The lightning trickled down to nothing after a few moments, but the fires spread. She scooted over towards Danny but slowed when her survival instinct told her he might be playing possum and snorted. “Werewolves don’t need to play possum.” The smell of bad hamburger meat pummeled her nose. Burned hair and flesh covered it up enough for her to get close to him, though. She considered slapping his snout to wake him up, but that annoying survival instinct got the better of her again.
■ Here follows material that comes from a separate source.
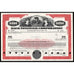 Mack Financial Corporation - $5,000 Debenture (Bear Stearns) Bond Certificate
She gently placed a hand on his chest. “Danny?” A heartbeat. Strong and sure. She pulled back an eyelid. His eyeball rolled back into his skull.
This is one hurt puppy.
She snorted at her own stupid joke as she took a leg and tried to pull him towards the exit. G.I. Jane, she was not. Seven feet of werewolf was heavy.
The man and the woman behind her in the stretchers screamed for help.
Angela walked over to the gurney when Danny sat up and removed his oxygen mask. “Welcome back, stranger.”
While the female paramedic checked his vitals, he blinked and scanned the scene around him in confusion. It no longer looked the same as when they’d stormed the barn earlier. Angela understood his confusion. A dozen police cars, all with their lights blinking, sat in various spots throughout the field. Men and women with a whole alphabet soup of big white letters on their backs hurried around. The fire department was busy watering a garden of charred ground where the barn once stood.
He twisted his neck one way and the other, releasing two long strings of cracks. “What happened?”
“You got struck by lightning,” Angela answered. “To the head. I’ve never seen anything like it.” She looked at the paramedic. “Burned all your clothes off but left you untouched. Even your hair.” They both knew he didn’t have clothes on.